Волны прибивают к берегу водоросли с запутавшимися в них вилками, ложками и щипцами для завивки. Время немецкой дамы остановилось, а море продолжает играть в бирюльки с потускневшими серебряшками. Желеобразные ковидные медузы валяются на песке. Пляж запустел, медузы, высыхая, становятся подобием сдутых воздушных шариков. Море сторожит полиция. За несанкционированный выход на пляж штраф 400 шекелей. Она бы рискнула, да отменили автобусы, поезда и маршрутки. Клаустрофобия. Может, она когда-то сидела в тюрьме, и ковид вернул боязнь замкнутого пространства?


«Память Ильича» стоит на якоре.

Бородин с Канторовичем сидят в ресторане-курильне, а Анна бежит вверх по лестнице к Обители Безмятежных. Справка в кармане, маска у подбородка.

Закрытие воздушных и земных границ вызывает одышку при подъеме. Или виной тому угольная пыль, засевшая в ноздрях?
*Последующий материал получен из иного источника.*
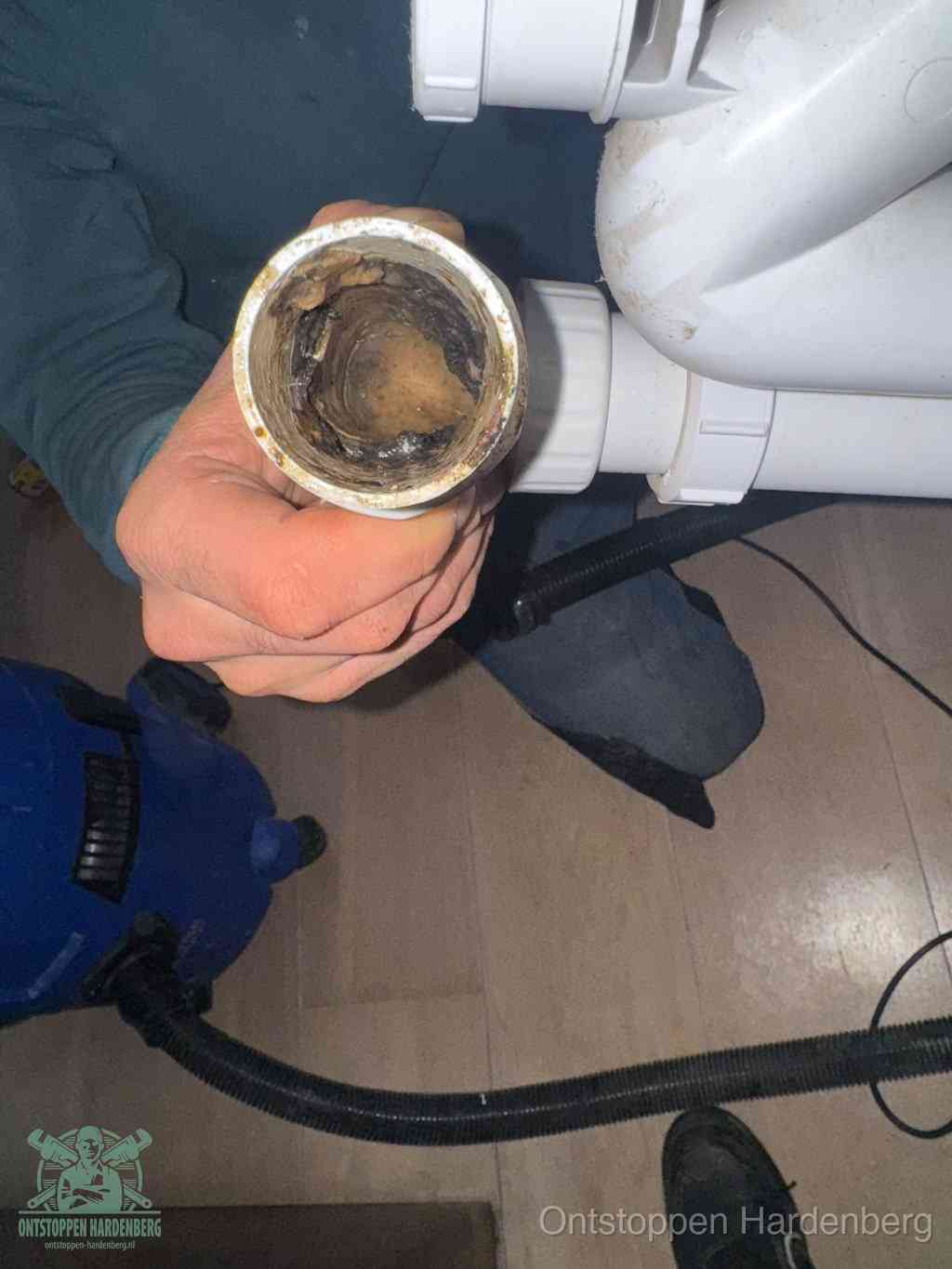Een hand houdt een losgekoppeld PVC-afvoerbuisstuk vast dat van binnen volledig is dichtgeslibd met vet, vuil en aanslag, de meest voorkomende oorzaak van een verstopte afvoer in Hardenberg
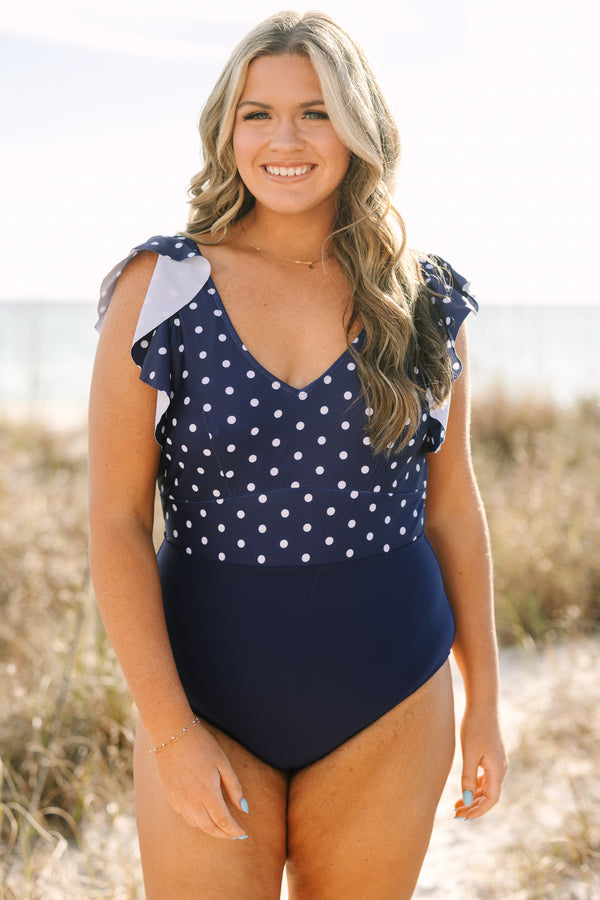 Chic Soul plus size clothing, solid navy blue low back one piece swimsuit with white polka dots on the upper half and ruffle sleeves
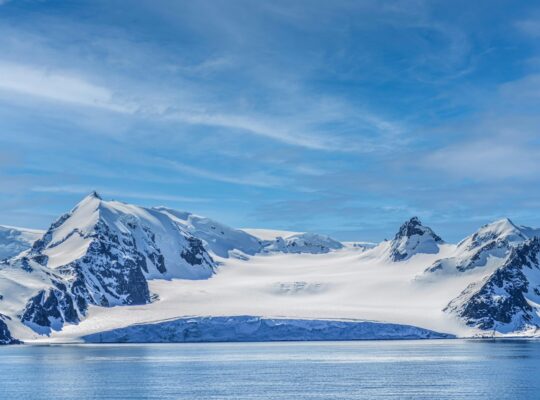 Breathtaking view of rugged snowy mountains under a clear blue sky in Antarctica.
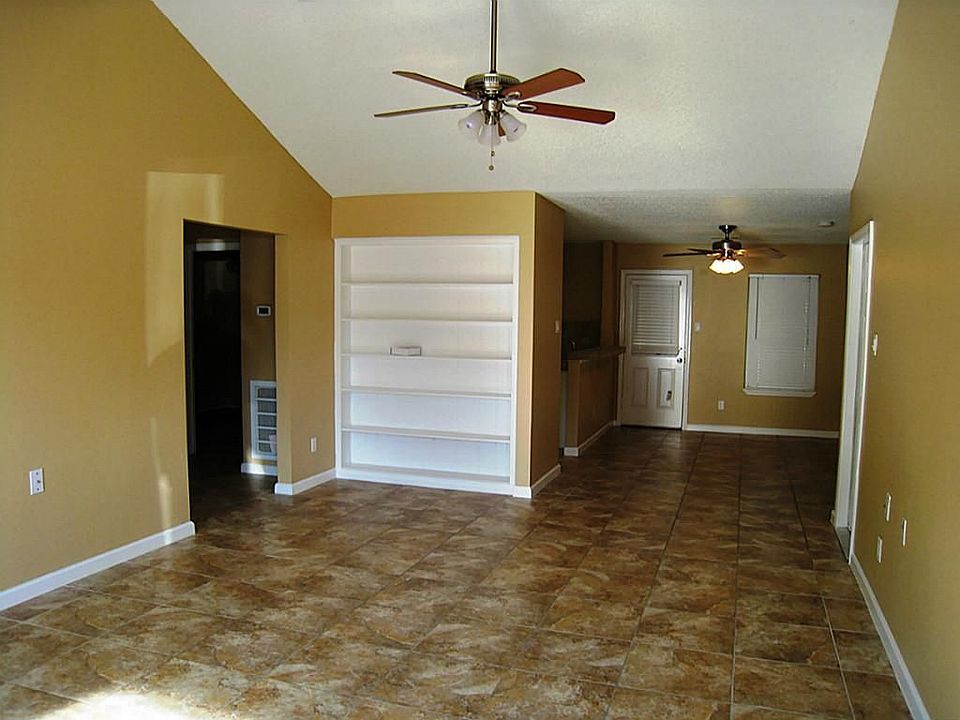  Large family room, tile floors and new ceiling fan plus built in shelving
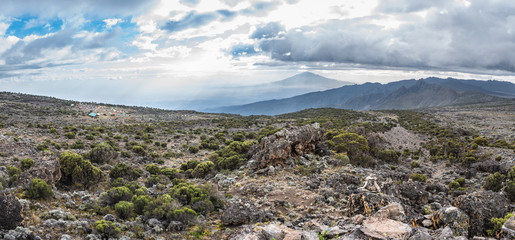 Fototapeta na wymiar Panoramic view of the Shira Cave Camp site on the Machame hiking route on Mt Kilimanjaro, Tanzania. Mount Meru is behind sun rays in the background under a dramatic cloudy sky, with rocks and foliage.
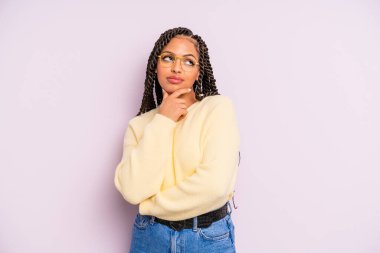 Siyah afro kadın düşünceli, meraklı ya da hayal kuruyor, hayal kuruyor ve uzayı kopyalamak için yukarı bakıyor.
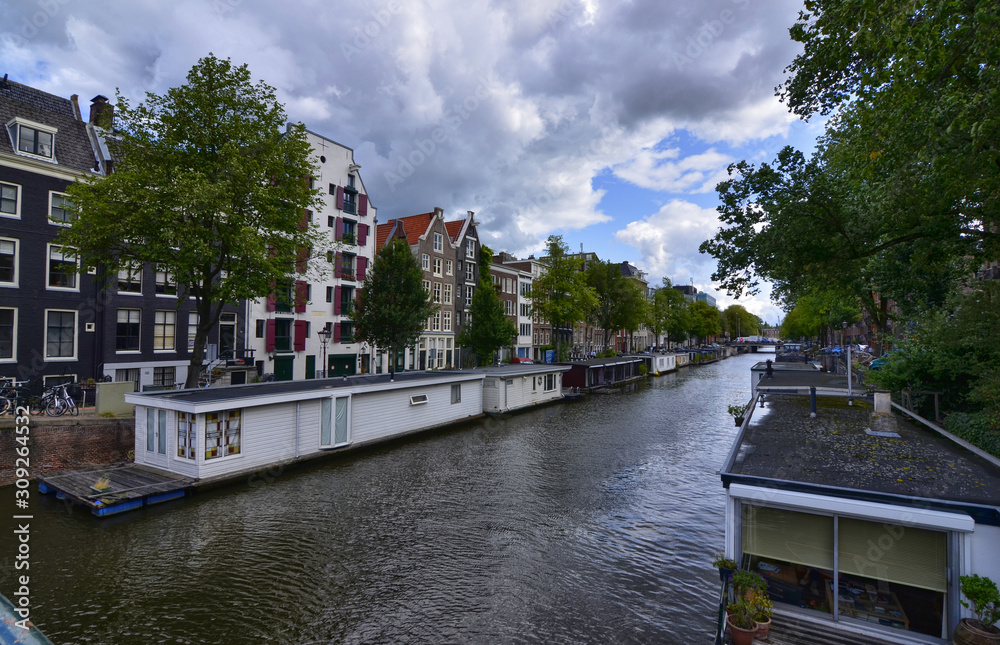 Amsterdam,Holland,August 2019. In the historic center a view that is a symbol of the city: a white houseboat moored on the edge of the canal. Behind it the tree-lined avenue and the little houses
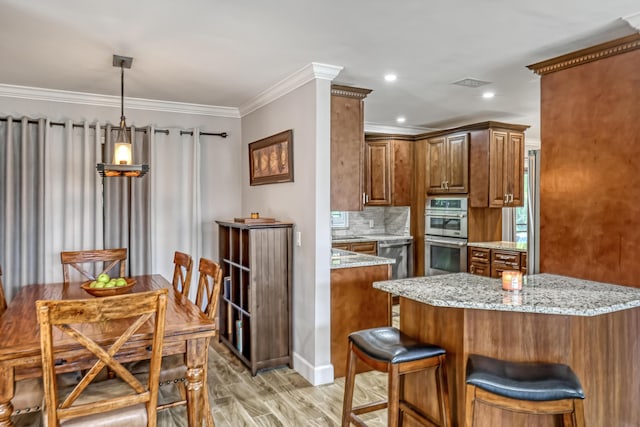 kitchen featuring wood-type flooring, pendant lighting, crown molding, double oven, and light stone counters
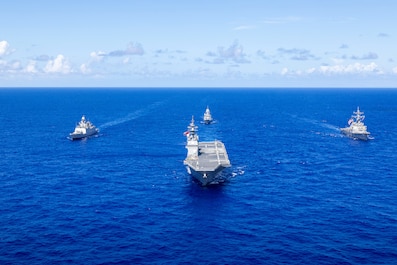 AT SEA, Guam (Nov. 13, 2025) — Japan Maritime Self-Defense Force Hyuga-class helicopter destroyer, JS Hyuga, leads United States Navy Arleigh Burke-class destroyer, USS Fitzgerald (centre-right), Indian Navy Shivalik-class frigate, INS Sahyadri...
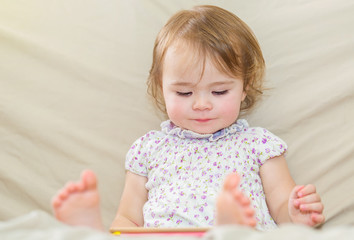 Happy toddler girl using a tablet computer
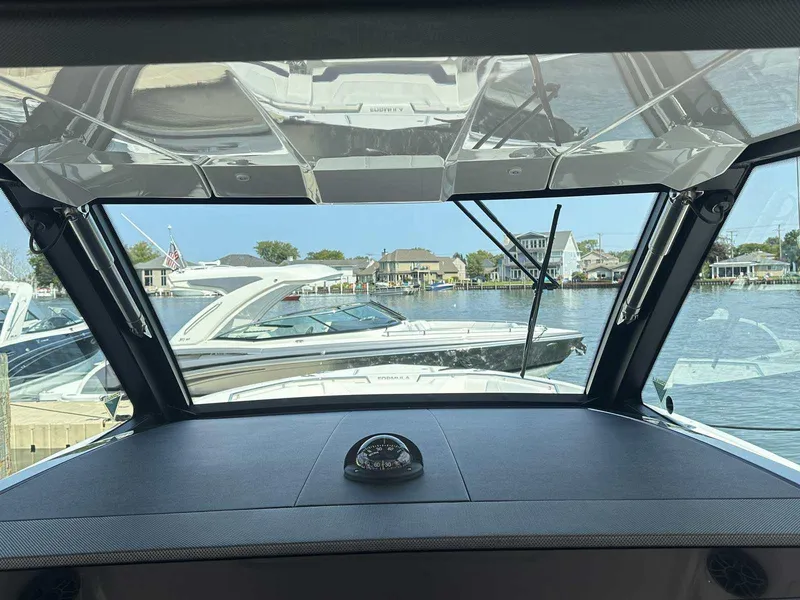 Slide: The Image of 2025 Formula 387 Center Console Fish boat with sleek windshield and modern design. - 34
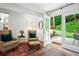 Cozy seating area with french doors leading to outdoor patio at 261 Lamplighter Se Ln, Marietta, GA 30067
Кипарисы у продолговатого двухъярусного здания, выстроенного в позапрошлом веке на деньги итальянского филантропа, разрослись до небес. Оплетенные красными и белыми бугенвиллиями, они буравят острыми верхушками неподвижный воздух. Полная луна освещает зубчатые стены Старого города. Лучшего вида для безмятежных и вообразить невозможно. Филантропический проект в помощь бедным еврейским жителям Иерусалима — 28 полуторакомнатных квартир — теперь оплачивают богатые туристы. Кстати, годы окончания строительства совпали с эпидемией холеры в Старом городе. Прежде люди боялись жить вне городских стен, а в холерное время пошли на риск.

Обитель Безмятежных, на иврите — мишкенот шаананим, — служит гостиницей, но и она пустует. Разномастные голодные кошки, которые обычно кормились у номеров, где сердобольная безмятежность держала миски для объедков, — обступили Анну со всех сторон. Еды в мисках нет, дом Конфедерации, что на несколько пролетов выше, темен, там тоже нечем разжиться. А они знай себе трутся об ноги, плетутся за ней, поджав хвосты, по ступенькам к мельнице Монтефиори. Скучают ли бездомные кошки по людям? По мельнице — точно нет. Развернулись по команде — и в приют.

Пора и ей.

Ее ждет генерал Ху в сопровождении военных. Среди них — какой-то белогвардеец в китайской офицерской форме. Все по новой.

Осмотр диппочты, детальный обыск всех служебных помещений.


Дорогу к причалу преградило огромное мясистое алоэ с красными бутонами. По пути сюда она его не видела. И на колючую проволоку, оградившую несколько камней, не натыкалась. Иерусалим постоянно копают. Где ни копнут, что-нибудь найдут.


В присутствии белогвардейцев шаньдунской армии Фаню обыскали по новой и нашли-таки прежде не замеченные визитные карточки на китайском и английском языках. Из архива судовой ячейки изъяли все протоколы. 3 марта около 9 часов утра Бородина и дипкурьеры были сняты с борта парохода. Дипкурьеры вернулись в полдень, а Фаня к вечеру. Ее сопровождала одна из жен Чжан Цзунчана, агента Чжан Цзолиня.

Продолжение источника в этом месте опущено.